Required work
The entries below hold a line with "FELICITĂRI! România este" and a line with "网传北京西单大悦城门前积水严重，此图片为天津大悦城。". Return those lines and all that lie between them, exactly and only.

Working data
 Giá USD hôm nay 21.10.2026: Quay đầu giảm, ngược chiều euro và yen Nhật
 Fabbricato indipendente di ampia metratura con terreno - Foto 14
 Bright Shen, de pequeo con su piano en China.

---

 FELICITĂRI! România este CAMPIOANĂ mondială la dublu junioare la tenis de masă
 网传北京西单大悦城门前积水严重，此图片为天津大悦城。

Exercise output
 FELICITĂRI! România este CAMPIOANĂ mondială la dublu junioare la tenis de masă
 网传北京西单大悦城门前积水严重，此图片为天津大悦城。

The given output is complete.